# SOURCE MATERIAL
BEGIN

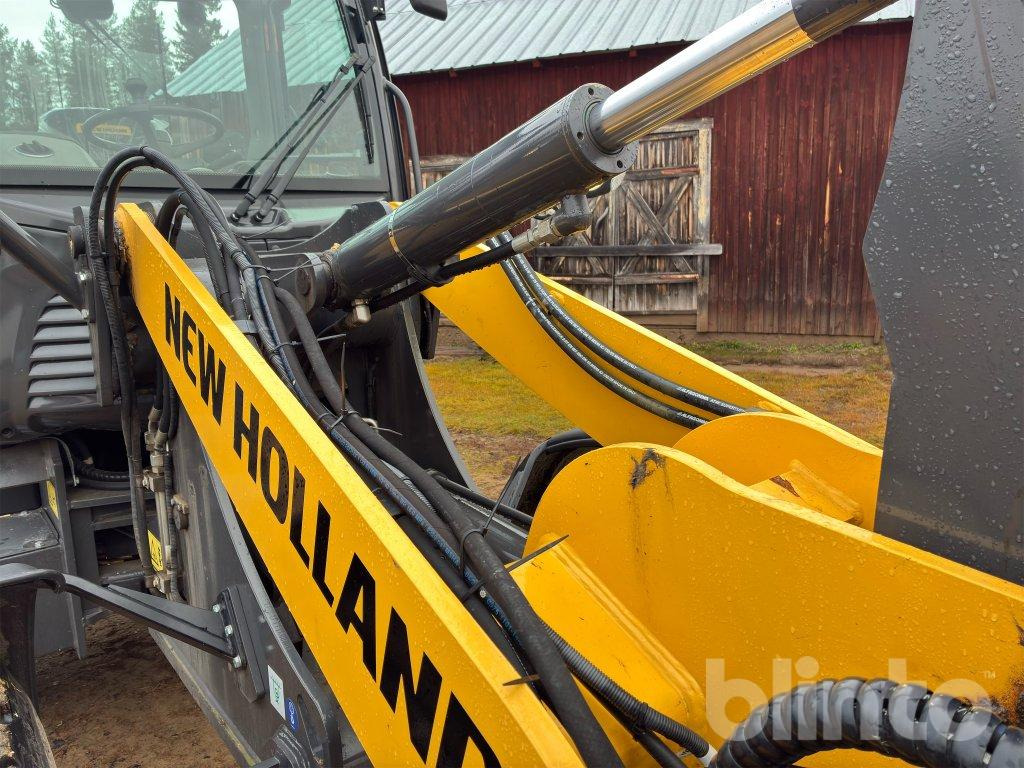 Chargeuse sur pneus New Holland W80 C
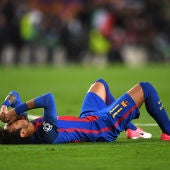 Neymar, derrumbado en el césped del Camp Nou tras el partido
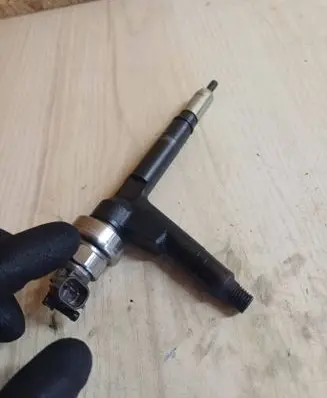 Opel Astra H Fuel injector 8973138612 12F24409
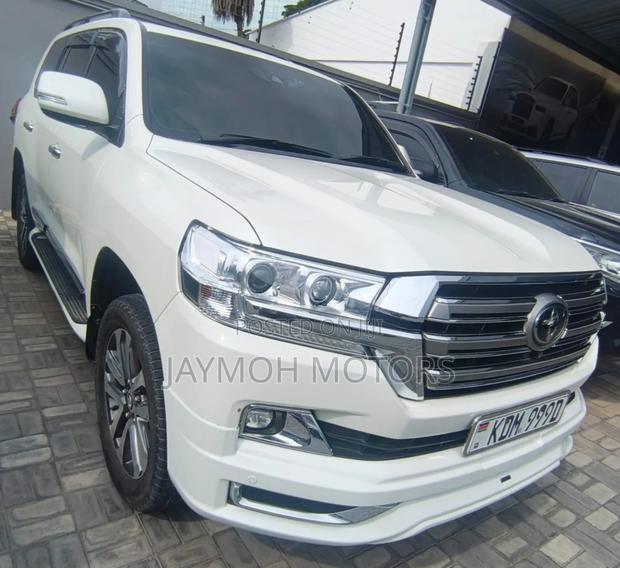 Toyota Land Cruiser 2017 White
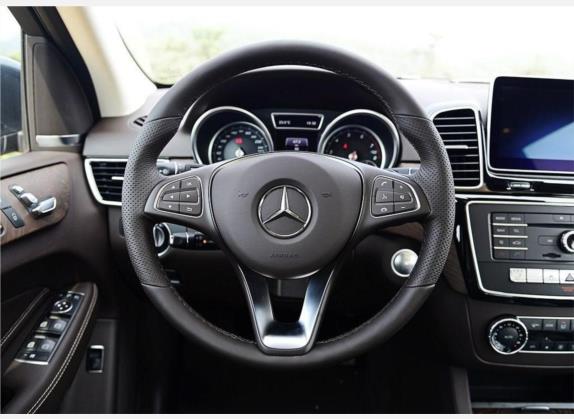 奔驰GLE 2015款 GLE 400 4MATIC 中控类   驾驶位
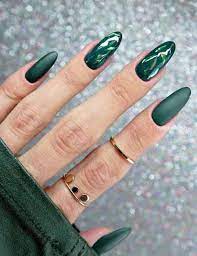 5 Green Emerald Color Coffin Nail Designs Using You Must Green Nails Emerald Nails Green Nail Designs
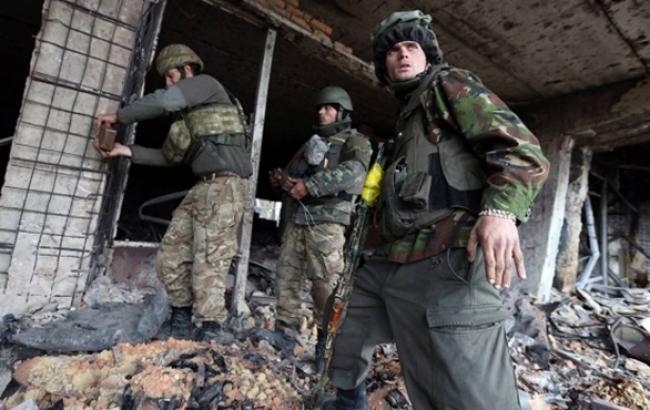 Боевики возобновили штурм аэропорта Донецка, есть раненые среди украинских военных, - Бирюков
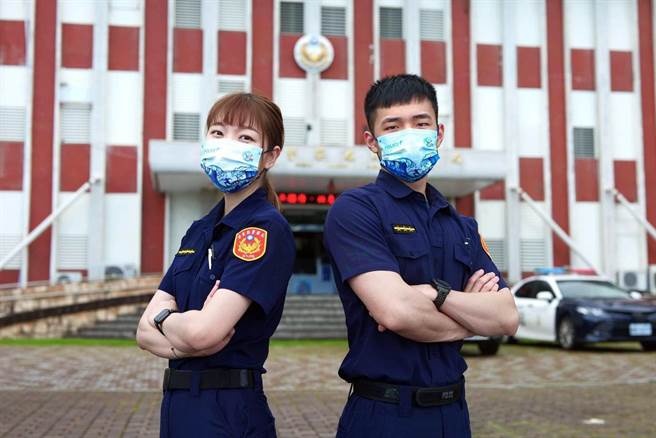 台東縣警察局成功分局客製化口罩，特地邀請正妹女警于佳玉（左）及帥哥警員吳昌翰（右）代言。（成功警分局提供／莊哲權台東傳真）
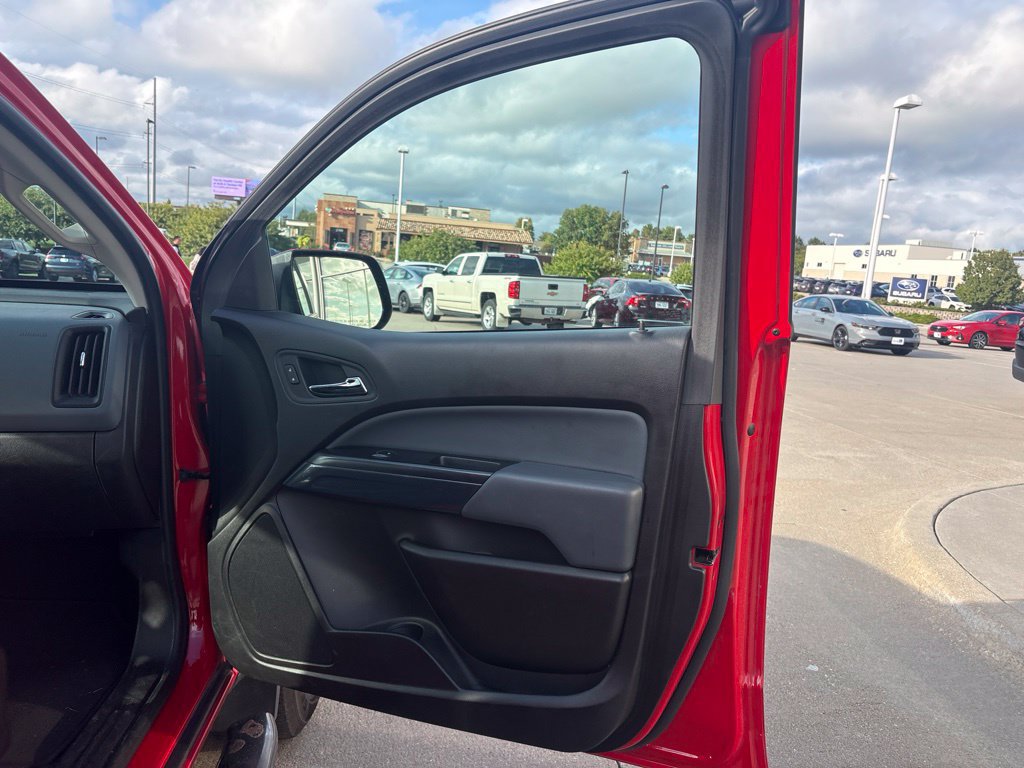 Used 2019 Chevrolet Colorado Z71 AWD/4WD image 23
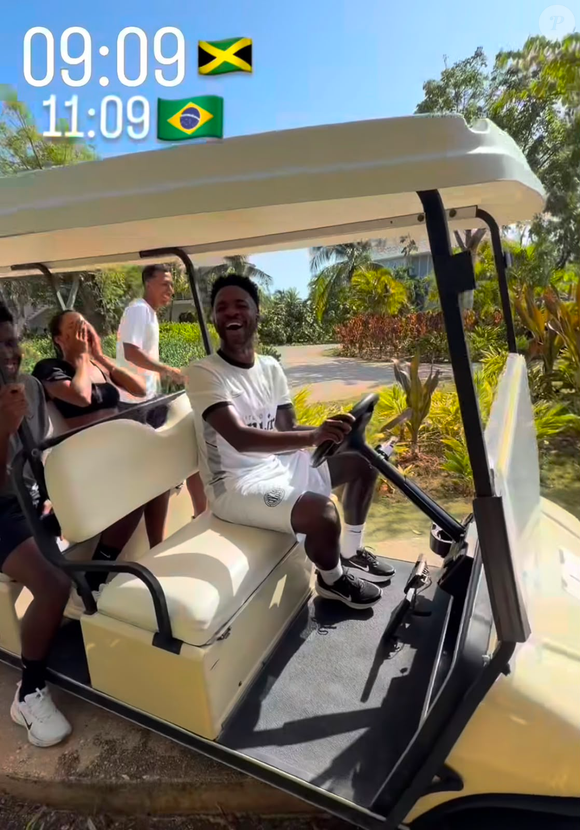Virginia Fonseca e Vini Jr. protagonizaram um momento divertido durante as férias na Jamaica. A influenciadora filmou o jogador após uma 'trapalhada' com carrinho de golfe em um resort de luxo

END
BEGIN

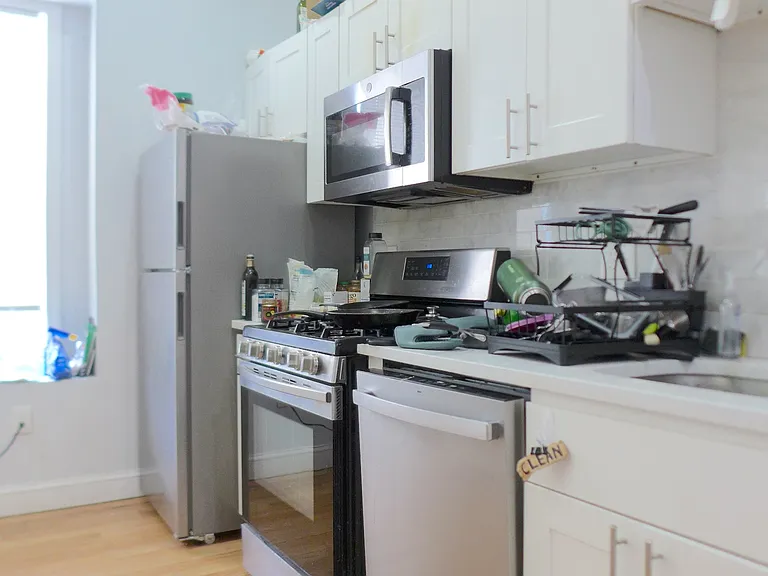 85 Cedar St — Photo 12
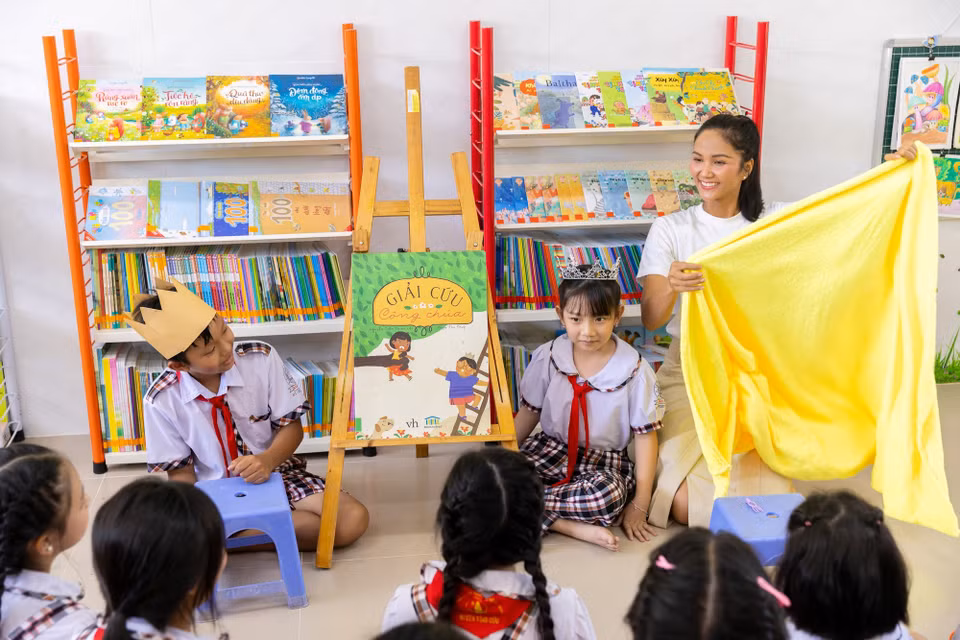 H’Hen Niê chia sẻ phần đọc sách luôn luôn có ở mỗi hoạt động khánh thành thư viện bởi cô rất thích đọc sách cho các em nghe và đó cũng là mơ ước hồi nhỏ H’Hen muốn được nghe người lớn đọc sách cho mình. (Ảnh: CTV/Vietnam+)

END

# EXERCISE PROMPT
Although the records hold pictures, the copy must not; give again exactly the lines from the one with "Neymar, derrumbado en" through the one with "Virginia Fonseca e".

# RESPONSE
 Neymar, derrumbado en el césped del Camp Nou tras el partido
 Opel Astra H Fuel injector 8973138612 12F24409
 Toyota Land Cruiser 2017 White
 奔驰GLE 2015款 GLE 400 4MATIC 中控类   驾驶位
 5 Green Emerald Color Coffin Nail Designs Using You Must Green Nails Emerald Nails Green Nail Designs
 Боевики возобновили штурм аэропорта Донецка, есть раненые среди украинских военных, - Бирюков
 台東縣警察局成功分局客製化口罩，特地邀請正妹女警于佳玉（左）及帥哥警員吳昌翰（右）代言。（成功警分局提供／莊哲權台東傳真）
 Used 2019 Chevrolet Colorado Z71 AWD/4WD image 23
Virginia Fonseca e Vini Jr. protagonizaram um momento divertido durante as férias na Jamaica. A influenciadora filmou o jogador após uma 'trapalhada' com carrinho de golfe em um resort de luxo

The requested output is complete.